Incorporation
* June 12, 1999 referendum:
- Question: "Are you in favour of the incorporation of Sooke as a municipality?"
- 1,439 in favour vs. 937 against
- 40% of eligible Sooke voters participated.
* Incorporation documentation, dated Sept. 2, 1999 and signed by the Lieutenant Governor of BC + detailed outline of the District's then-boundaries.

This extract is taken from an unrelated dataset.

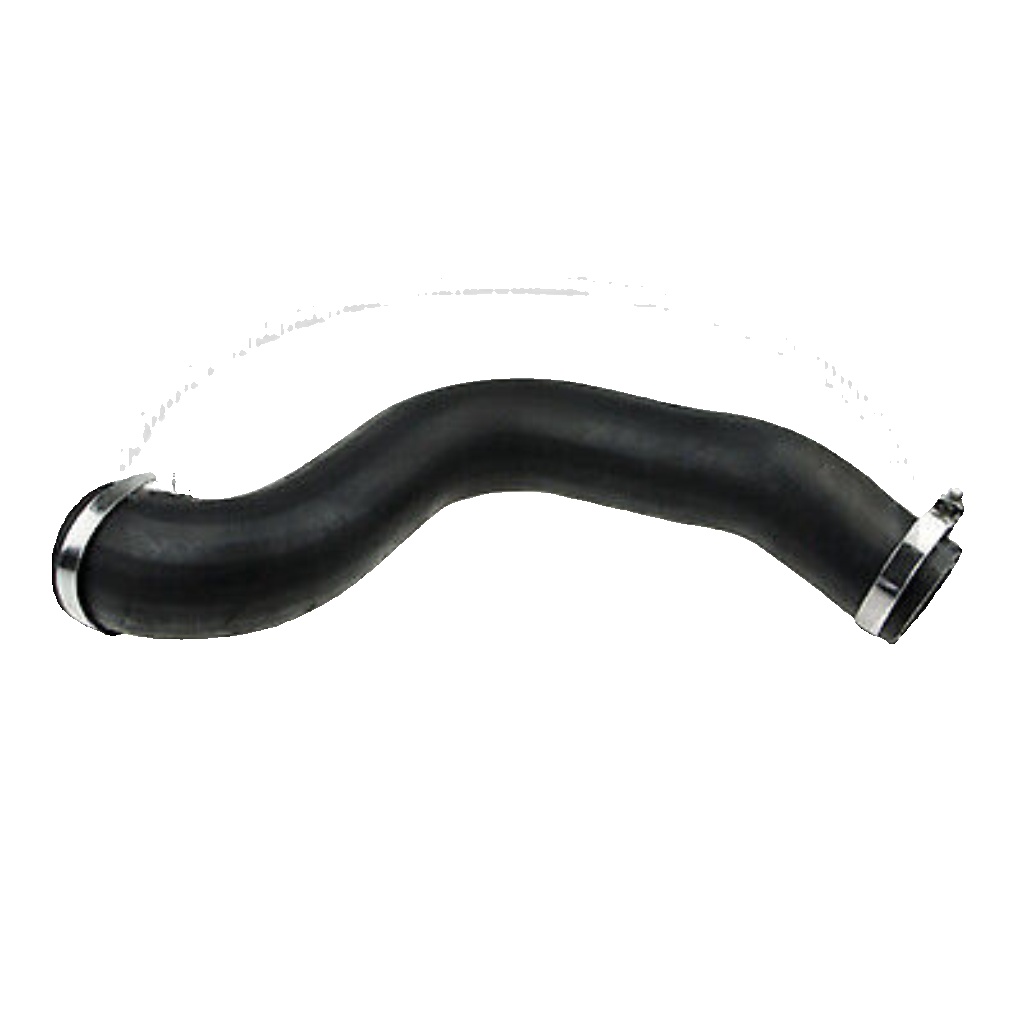 GATES 09-0576 Charger Air Hose for LAND ROVER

* Press release from the Ministry of Municipal Affairs, Sept. 17, 1999 ... “Sooke will be officially incorporated as the District of Sooke on Dec. 7, 1999, Malahat-Juan de Fuca MLA Rick Kasper announced today on behalf of Jim Doyle, minister of municipal affairs. Sooke residents will elect their first municipal council on Nov. 20. The council will include a mayor and six councillors. ‘Incorporation will bring a number of advantages to the area including easier access to services, greater local governance and more control over taxes,’ said Kasper. ‘It gives the people of Sooke more decision-making authority.’ Incorporation of the district follows a June referendum in which a majority of residents voted yes to incorporation. ‘This move will mean good things for the community. A municipality with a locally elected council will be a major stimulus for managing growth and creating local jobs," Kasper added.’”
* Minutes of District of Sooke inaugural meeting, held in the EMCS Community Theatre on Dec. 7, 1999.

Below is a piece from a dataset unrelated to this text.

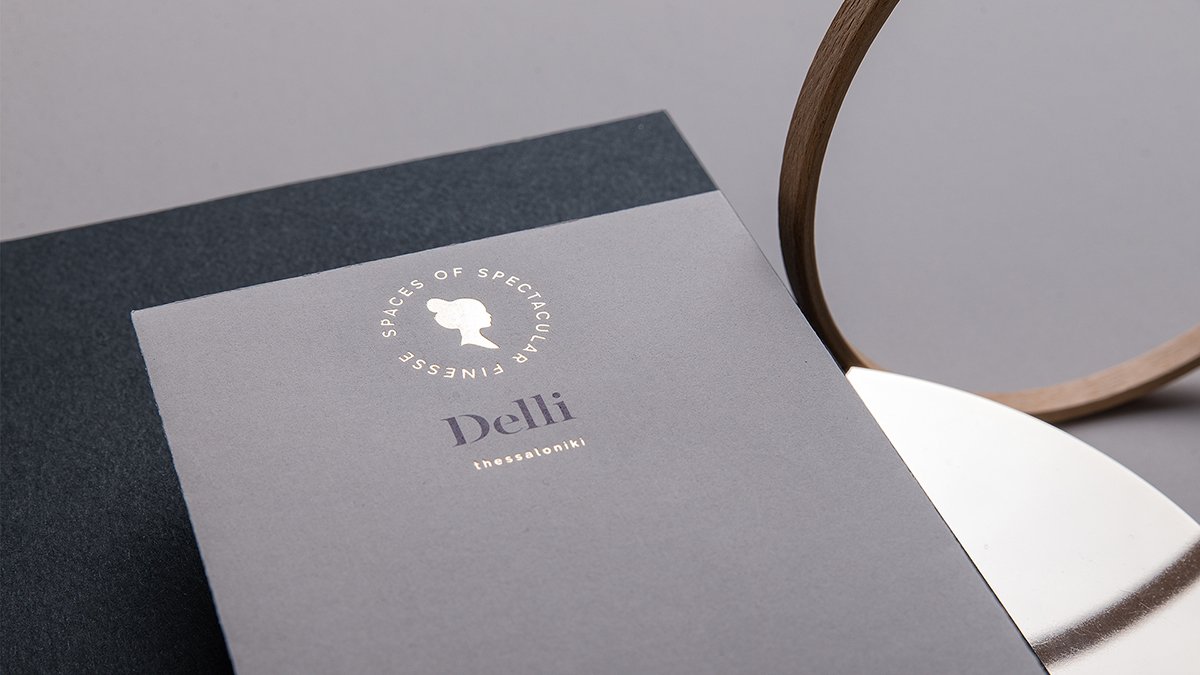 幾何形狀在室內(nèi)裝潢品牌設(shè)計(jì)中的意義 品牌設(shè)計(jì)、vi設(shè)計(jì)、標(biāo)志設(shè)計(jì)、符號(hào)設(shè)計(jì)、名片設(shè)計(jì)、品牌形象設(shè)計(jì)、室內(nèi)裝潢品牌設(shè)計(jì)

<cip> “The Minister of Municipal Affairs Jim Doyle thanked Justice of the Peace, Her Worship Kerry Fedosenko, and then presented to Mayor Macgregor the official Letters Patent incorporating the District of Sooke, along with a cheque in the amount of $600,000 for the first installment of the special incorporation grant, a cheque in the amount of $9,205 representing the 1999 portion of the Small Communities Protection Grant and a gift from the Province of British Columbia of a commemorative gavel, water pitcher and water goblets.” Sworn into office that night were Mayor Ed Macgregor and Councillors Lorna Barry, Ron Dumont, Janet Evans, John Farmer, Marcus Farmer and Jeff Stewart.
* CRD summary of all South Island municipal incorporation dates
* How Did We Get To 13 Municipalities (Bernard von Schulmann writing for Amalgamation Yes). <clip> “Sooke was the final incorporation in the region. Sooke is a viable municipality and could have been incorporated earlier, but given the number of roads in Sooke, the cost of incorporation was potentially more expensive.”

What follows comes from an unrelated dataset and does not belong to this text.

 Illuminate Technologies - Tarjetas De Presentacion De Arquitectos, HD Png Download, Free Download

* District of Sooke flag and coat of arms – letters patent granted in December, 2003. “The axes and salmon refer to the historical importance that the industries of forestry and fishing have had in Sooke. Red and gold are the colours of Spain and hence allude to the first European contact. The gold can also refer to the wealth derived from Sooke's traditional industries, as well as to the Leech River gold rush. The diagonal division of the shield makes an allusion to the flag of Scotland and thus to Captain Grant, the first European settler.”
Prelude
* Incorporation referendum #1 - June 1976 (no official result i can find, but voting was roughly five to one against according to Eric Butler when quoted by the TC years later). The incorporation study group organized by the Sooke Chamber of Commerce was led by Butler and included Len Jones (Sooke Community Association), Jean Robinson (Kemp Lake Waterworks District), John Farmer (Lions Club), James Dunn (Sooke Athletic Association), and, representing the Chamber, architect John Tregear and future CRD regional director Ray Nestman. Then CRD director Charlie Perkins told the Times Colonist (May 29, 1976) incorporation is "an interesting idea but not essential ... He believes Sooke is managing its own affairs quite efficiently now and there is no immediate need for municipal status." Butler is quoted as saying that "Central Saanich is a good model for incorporation given similarities in population growth, size and rural atmosphere ... one reason Sooke should become a municipality is the shift in development from the Saanich Peninsula to the western part of the Capital district (that) will eventually reach Sooke."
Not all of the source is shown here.